9. The device of claim 8, wherein the neural network includes:

an inverse reinforcement learning unit for estimating a total reward function that satisfies constraints, based on the demonstrations and the task-reward candidates; and

a reward decomposition unit for decomposing the total reward function into a transferable task reward function and the constraint reward function.

10. The device of claim 8, wherein the reward decomposition unit outputs the transferable task reward function such that an action difference between a task policy of the first learning environment and the demonstrations is minimized.

11. The device of claim 10, wherein the reward decomposition unit identifies the constraint reward function as a reward function remaining after excluding the transferable task reward function from the total reward function.

12. The device of claim 8, wherein the electronic device includes a navigation device,

wherein the first learning environment may include an initial destination where the electronic device initially trains the neural network, and

wherein the second learning environment may include a subsequent destination different from the initial destination.

13. The device of claim 8, wherein the demonstrations include training data for the neural network obtained as examples of performing a predetermined task,

wherein the task-reward candidates include a set of reward functions corresponding to the predetermined task, and

wherein the total reward function includes an overall reward function estimated based on the demonstrations and the task-reward candidates, which satisfies the constraints and task objectives for the predetermined task.

14. The device of claim 8, wherein the transferable task reward function includes a task reward function that is capable of being transferred to and applied in the second learning environment, and

wherein the constraint reward function includes a reward function corresponding to a constraint for the second learning environment.

15. A non-transitory computer-readable storage medium storing a computer program, wherein the computer program comprises instructions for causing a processor to perform an Inverse Constraint Learning method of an electronic device, and wherein the method comprises:

acquiring demonstrations and task-reward candidates in a first learning environment of a neural network by the electronic device;

estimating a total reward function that satisfies constraints, based on the demonstrations and the task-reward candidates;

decomposing the total reward function into a transferable task reward function and a constraint reward function; and

training the neural network to perform learning in a second learning environment, based on the constraint reward function.

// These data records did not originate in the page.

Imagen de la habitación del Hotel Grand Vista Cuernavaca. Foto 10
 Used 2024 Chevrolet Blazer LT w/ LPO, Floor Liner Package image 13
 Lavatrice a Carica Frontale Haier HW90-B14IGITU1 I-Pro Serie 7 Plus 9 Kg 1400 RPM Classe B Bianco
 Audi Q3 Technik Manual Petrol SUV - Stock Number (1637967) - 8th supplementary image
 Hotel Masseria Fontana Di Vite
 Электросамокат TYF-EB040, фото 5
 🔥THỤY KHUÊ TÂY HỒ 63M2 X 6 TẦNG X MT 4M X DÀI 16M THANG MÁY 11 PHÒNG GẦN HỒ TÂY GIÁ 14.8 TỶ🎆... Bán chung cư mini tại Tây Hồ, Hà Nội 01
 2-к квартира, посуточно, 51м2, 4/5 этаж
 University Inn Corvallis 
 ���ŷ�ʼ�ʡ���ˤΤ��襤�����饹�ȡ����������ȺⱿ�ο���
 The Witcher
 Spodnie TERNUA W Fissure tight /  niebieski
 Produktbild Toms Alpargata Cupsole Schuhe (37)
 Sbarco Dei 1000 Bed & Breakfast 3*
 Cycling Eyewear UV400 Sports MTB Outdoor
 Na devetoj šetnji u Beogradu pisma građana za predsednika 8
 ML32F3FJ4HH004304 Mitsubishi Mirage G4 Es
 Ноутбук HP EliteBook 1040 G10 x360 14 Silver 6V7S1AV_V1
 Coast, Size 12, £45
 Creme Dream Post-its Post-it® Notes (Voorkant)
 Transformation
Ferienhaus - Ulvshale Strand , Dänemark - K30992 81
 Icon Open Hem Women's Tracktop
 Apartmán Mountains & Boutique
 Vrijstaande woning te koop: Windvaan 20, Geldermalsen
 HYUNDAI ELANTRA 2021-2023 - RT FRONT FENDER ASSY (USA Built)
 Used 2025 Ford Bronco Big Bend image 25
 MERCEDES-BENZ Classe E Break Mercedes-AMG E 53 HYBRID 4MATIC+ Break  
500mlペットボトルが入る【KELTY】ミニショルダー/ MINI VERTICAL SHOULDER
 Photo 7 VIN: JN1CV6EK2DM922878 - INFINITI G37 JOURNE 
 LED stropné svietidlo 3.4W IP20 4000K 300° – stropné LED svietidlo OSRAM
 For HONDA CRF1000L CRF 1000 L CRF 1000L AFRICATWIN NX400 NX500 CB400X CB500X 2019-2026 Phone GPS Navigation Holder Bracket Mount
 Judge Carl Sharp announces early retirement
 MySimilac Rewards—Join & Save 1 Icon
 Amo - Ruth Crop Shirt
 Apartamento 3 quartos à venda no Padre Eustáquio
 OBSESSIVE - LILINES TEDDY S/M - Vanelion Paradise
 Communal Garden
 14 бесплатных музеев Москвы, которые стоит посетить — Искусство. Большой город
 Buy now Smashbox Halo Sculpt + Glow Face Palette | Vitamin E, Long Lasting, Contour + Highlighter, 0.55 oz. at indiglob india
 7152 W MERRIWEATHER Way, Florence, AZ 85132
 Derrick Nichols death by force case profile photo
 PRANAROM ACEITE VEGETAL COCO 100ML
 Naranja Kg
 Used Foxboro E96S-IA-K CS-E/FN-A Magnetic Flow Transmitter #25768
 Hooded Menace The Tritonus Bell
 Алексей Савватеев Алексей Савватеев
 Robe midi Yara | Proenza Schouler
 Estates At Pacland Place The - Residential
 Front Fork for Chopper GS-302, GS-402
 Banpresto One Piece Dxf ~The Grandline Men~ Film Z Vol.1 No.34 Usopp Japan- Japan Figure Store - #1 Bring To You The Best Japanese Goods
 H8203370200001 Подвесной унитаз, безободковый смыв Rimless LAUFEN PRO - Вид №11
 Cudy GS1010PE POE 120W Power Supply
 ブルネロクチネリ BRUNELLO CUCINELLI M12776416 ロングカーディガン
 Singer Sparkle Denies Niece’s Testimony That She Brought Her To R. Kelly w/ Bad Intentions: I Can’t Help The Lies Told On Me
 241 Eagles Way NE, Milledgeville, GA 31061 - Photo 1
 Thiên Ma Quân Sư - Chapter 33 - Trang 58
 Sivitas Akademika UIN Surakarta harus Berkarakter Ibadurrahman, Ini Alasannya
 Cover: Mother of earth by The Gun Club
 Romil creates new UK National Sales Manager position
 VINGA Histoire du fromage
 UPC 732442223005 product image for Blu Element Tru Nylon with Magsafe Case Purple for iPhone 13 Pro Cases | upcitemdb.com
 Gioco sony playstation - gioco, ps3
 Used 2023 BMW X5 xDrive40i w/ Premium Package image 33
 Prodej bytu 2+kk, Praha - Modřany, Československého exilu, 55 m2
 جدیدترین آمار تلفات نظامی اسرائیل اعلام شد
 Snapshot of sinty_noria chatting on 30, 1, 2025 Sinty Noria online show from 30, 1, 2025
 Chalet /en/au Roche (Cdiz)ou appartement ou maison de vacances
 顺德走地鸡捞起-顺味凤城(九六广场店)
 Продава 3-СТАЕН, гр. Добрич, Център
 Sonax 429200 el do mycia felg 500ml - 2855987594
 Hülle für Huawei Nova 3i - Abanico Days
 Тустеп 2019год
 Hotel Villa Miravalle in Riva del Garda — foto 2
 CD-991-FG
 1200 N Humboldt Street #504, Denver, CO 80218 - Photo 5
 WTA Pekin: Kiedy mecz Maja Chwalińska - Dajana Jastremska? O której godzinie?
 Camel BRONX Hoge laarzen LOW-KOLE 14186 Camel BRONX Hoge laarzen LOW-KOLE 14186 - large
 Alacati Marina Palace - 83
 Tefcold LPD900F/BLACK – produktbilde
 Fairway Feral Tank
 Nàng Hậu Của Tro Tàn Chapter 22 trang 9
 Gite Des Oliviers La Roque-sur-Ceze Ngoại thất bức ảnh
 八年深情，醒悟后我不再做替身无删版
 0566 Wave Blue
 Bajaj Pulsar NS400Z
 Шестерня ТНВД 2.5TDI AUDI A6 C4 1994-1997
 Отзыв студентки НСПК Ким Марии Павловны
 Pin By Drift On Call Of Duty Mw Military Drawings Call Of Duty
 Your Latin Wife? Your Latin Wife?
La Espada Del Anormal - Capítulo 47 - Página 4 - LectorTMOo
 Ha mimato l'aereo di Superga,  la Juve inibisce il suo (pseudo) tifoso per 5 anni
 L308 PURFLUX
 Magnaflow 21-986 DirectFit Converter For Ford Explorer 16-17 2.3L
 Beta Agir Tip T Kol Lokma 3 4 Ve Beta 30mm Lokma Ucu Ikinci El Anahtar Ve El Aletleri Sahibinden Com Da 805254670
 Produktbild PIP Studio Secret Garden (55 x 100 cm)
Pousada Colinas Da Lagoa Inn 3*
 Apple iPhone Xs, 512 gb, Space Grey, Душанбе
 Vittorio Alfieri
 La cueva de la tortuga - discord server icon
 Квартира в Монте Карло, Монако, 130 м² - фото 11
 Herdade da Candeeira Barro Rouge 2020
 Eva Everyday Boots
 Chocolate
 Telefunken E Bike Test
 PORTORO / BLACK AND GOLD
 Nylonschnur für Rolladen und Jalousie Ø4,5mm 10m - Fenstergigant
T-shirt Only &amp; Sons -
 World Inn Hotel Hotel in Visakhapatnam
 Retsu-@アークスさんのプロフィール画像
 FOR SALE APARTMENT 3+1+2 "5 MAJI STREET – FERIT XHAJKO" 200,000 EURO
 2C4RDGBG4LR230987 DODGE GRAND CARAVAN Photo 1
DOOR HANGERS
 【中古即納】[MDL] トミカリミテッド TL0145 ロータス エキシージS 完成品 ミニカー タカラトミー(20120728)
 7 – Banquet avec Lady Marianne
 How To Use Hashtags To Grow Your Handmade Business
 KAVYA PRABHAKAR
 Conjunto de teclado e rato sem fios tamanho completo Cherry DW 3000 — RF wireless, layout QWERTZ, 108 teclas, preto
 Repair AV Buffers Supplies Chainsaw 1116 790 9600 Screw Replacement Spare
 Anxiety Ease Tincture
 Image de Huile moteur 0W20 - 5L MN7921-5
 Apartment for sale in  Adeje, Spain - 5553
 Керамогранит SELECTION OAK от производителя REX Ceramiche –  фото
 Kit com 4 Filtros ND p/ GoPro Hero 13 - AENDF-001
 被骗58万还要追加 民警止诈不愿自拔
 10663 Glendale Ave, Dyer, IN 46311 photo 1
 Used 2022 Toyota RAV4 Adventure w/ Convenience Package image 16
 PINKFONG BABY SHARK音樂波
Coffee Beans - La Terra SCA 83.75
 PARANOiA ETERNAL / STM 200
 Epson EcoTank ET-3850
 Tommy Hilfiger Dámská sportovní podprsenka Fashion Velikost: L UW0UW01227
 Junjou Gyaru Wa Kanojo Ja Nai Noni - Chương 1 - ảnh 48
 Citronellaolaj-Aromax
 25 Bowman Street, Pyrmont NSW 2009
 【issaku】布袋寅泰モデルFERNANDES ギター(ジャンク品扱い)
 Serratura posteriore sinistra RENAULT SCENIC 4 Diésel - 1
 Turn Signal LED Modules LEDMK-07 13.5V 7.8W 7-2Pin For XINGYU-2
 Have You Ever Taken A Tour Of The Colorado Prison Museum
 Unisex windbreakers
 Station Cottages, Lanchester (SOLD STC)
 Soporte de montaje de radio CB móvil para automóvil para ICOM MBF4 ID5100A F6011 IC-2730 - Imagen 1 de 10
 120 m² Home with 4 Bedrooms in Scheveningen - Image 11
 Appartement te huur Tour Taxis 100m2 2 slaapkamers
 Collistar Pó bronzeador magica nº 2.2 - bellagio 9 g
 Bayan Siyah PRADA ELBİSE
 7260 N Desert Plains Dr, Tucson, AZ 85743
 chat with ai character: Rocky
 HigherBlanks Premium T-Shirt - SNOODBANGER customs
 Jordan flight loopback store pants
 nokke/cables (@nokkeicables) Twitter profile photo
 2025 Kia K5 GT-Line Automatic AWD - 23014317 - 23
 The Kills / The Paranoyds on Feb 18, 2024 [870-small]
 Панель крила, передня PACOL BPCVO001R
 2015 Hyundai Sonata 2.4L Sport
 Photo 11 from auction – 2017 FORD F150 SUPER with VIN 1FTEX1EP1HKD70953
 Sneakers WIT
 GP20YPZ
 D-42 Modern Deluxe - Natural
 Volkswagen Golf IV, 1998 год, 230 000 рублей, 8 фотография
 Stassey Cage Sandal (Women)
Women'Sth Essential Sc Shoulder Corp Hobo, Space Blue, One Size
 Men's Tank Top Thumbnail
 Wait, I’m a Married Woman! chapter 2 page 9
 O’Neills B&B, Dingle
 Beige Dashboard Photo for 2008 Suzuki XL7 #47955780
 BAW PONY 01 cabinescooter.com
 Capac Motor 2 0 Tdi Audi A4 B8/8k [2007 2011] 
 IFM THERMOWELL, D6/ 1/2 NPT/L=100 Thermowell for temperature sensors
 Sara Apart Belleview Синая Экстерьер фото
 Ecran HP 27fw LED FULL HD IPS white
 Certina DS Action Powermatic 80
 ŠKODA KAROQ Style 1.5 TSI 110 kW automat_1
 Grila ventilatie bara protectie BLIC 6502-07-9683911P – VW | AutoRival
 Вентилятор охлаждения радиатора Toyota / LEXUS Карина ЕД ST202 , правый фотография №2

16. The non-transitory computer-readable storage medium of claim 15, wherein the estimating includes:

performing inverse reinforcement learning.

17. The non-transitory computer-readable storage medium of claim 15, wherein the decomposing includes:

outputting the transferable task reward function such that an action difference between a task policy of the first learning environment and the demonstrations is minimized.

18. The non-transitory computer-readable storage medium of claim 15, wherein the decomposing includes:

identifying the constraint reward function as a reward function remaining after excluding the transferable task reward function from the total reward function.

19. The non-transitory computer-readable storage medium of claim 15, wherein the electronic device includes a navigation device,

wherein the first learning environment may include an initial destination where the electronic device initially trains the neural network, and

wherein the second learning environment may include a subsequent destination different from the initial destination.

20. The non-transitory computer-readable storage medium of claim 15, wherein the demonstrations include training data for the neural network obtained as examples of performing a predetermined task,

wherein the task-reward candidates include a set of reward functions corresponding to the predetermined task, and

wherein the total reward function includes an overall reward function estimated based on the demonstrations and the task-reward candidates, which satisfies the constraints and task objectives for the predetermined task.